OPINION: For Bulldogs’ young players, the future is now

You don’t usually want to entrust a true freshman with too much, no matter how good he is.
So just imagine how shocked most folks were to see Tupelo native Chad Bumphis take a pitch and launch a pass downfield on the first play of Mississippi State’s game Saturday.
It fell incomplete, but it sent a message: The future is the present for MSU.
Bumphis is a true freshman, but a talented one, and the kind of player new coach Dan Mullen is building his program around. No sense in slowly breaking these guys in.
Eight scholarship freshmen played in Saturday’s 45-7 win over Jackson State, and not just during garbage time.
– Bumphis caught two touchdown passes, including the first of the season for MSU.
– Brandon Heavens got involved early, catching only one pass for minus-four yards and rushing once for two, but he had a 16-yard run on MSU’s first scoring drive negated by a penalty.
– Chris Smith caught one pass for 13 yards.
– Defensive linemen Fletcher Cox made two tackles, both in the JSU backfield.
“It says a lot about him and the trust he has in us,” Bumphis said of Mullen.
And there were plenty of sophomores involved.
– Tailback Robert Elliott, out most of last year with a knee injury, rushed for 60 yards.
– Safety Charles Mitchell had an interception and three tackles.
– Then there was quarterback Chris Relf, who looked very smooth both running and passing.
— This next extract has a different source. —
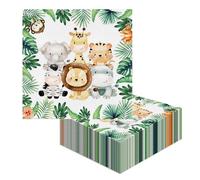 40 Servilletas de Fiesta en la Selva - Decorativas de Animales del Bosque y de Cuento de Hadas - Cuadradas para Cumpleaños Infantiles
He accounted for 157 total yards.
But back to those freshmen. What they showed us Saturday was a flash of their future, or so Mullen hopes. But don’t be fooled – a lot of work remains.
Take Bumphis, who said he was “nervous as crap” Friday night. On his first touchdown, he said he “went blank” after catching the ball.
“My whole body went numb. I saw open field, and I pretty much forgot all the technique I was taught, like tucking the ball away. I’m pretty sure I’ll catch (heat for) that Monday.”
He probably will, because Mullen won’t let his players slide by on athleticism alone. Bumphis could be seen more than once holding onto blocks downfield, and that’s what Mullen likes.
“We recruit these guys out of high school, a lot of them can come in, you throw them the ball, they get the ball in the open field, they can run and make something really exciting happen – that’s not the whole game of football,” Mullen said. “They need to become complete players here as we progress through the season.”
They’ll need to do it fast, though. Up next are road trips to Auburn and Vanderbilt, then LSU at home. That’s a steep learning curve.
Most of the newness is at wide receiver. Only senior Brandon McRae is back from last year, and it’s that group that will ultimately make this offense go.
We didn’t even see guys like Dennis Thames and Ricco Sanders on Saturday. Their turn will come, probably very soon.
“When you have those young guys, we’re going to go through some growing pains with our wide receivers,” Mullen said. “I think they’re gonna have the talent to make some things happen down the road.”